JEFFERSON CITY, Mo. (KMOX) – A former red light camera judge from Wentzville testified in favor of state legislation that would ban the devices in Missouri.

Attorney Michael Carter and state Rep. Bryan Spencer sat before Missouri’s Crime Prevention and Public Safety Committee Monday calling for the “eradication” of red light cameras in the state.

Carter told the committee that during his time as a red light camera judge in Wentzville he saw the “delight on different people’s faces” when rulings were handed down.

He has now come to the conclusion traffic cameras are a form of “indirect taxation” operating under the guise of public safety.

“[Politicians] are afraid to go on record and vote taxes up… but [they] can couch this in a way where it comes across as public safety,” Carter explained.

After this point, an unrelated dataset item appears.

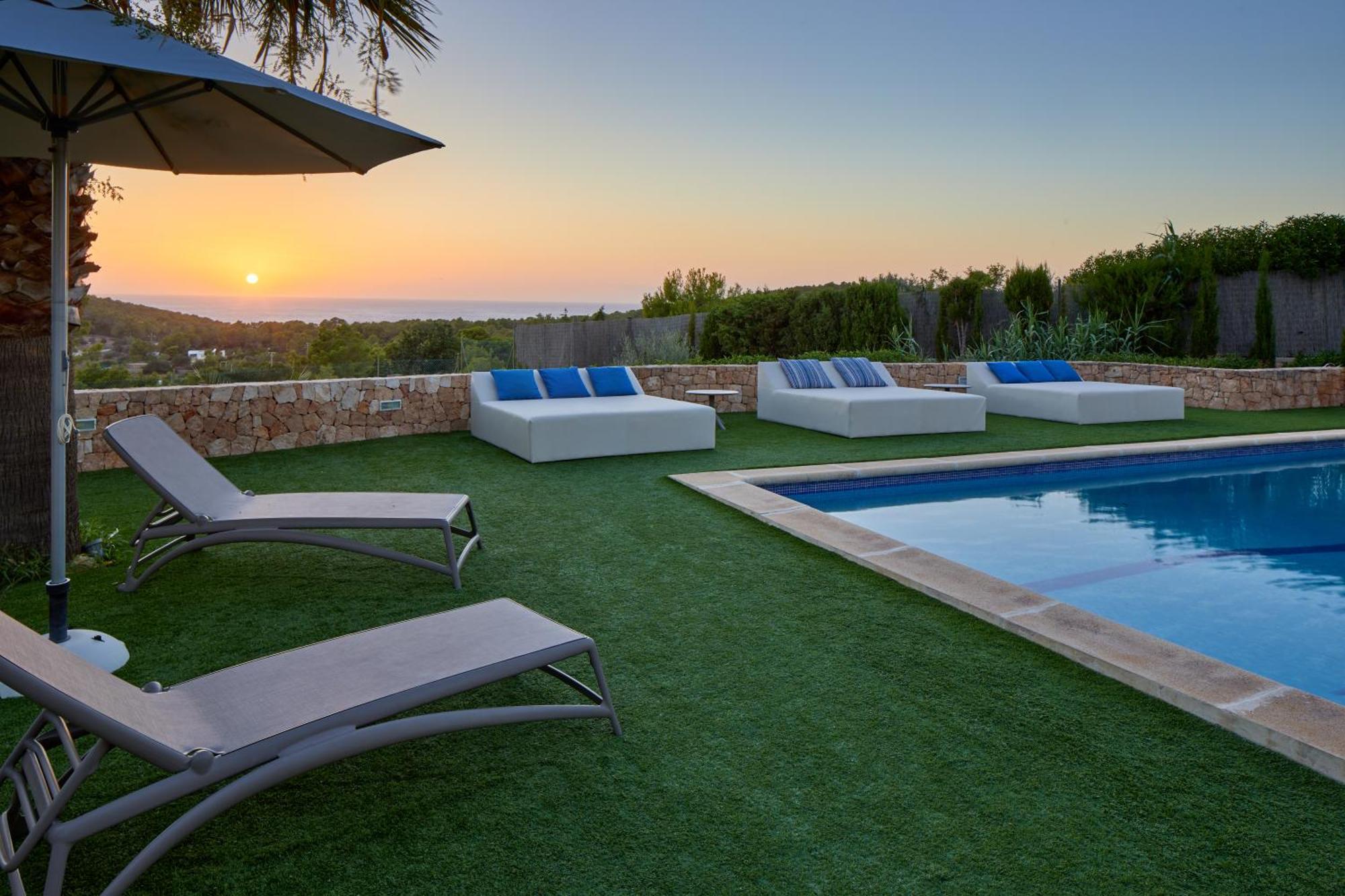 Villa Can Joan I - Fantastic Sunset Views And Family Friendly - San Antonio  Kültér fotó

In a letter to the committee after the meeting Carter wrote, “It is a money grab from our citizens/voters like none I’ve ever seen before — under the guise of safety. Traffic cameras are about as anti-Missouri as any one issue can be.”

He said money was the driving force — not safety — for the hundreds of cameras across the state.

Watch Attorney Michael Carter and Mo. Rep. Bryan’s testimonies

The red light camera bill remains parked in committee. Similar bills banning red light cameras were introduced last fall in Ohio and Florida.

Arkansas, Maine, Michigan, Mississippi, Montana, Nevada, New Hampshire and West Virginia have all prohibited the use of traffic cameras.

Bills banning or limiting traffic cameras are: HB1533 and HB1557.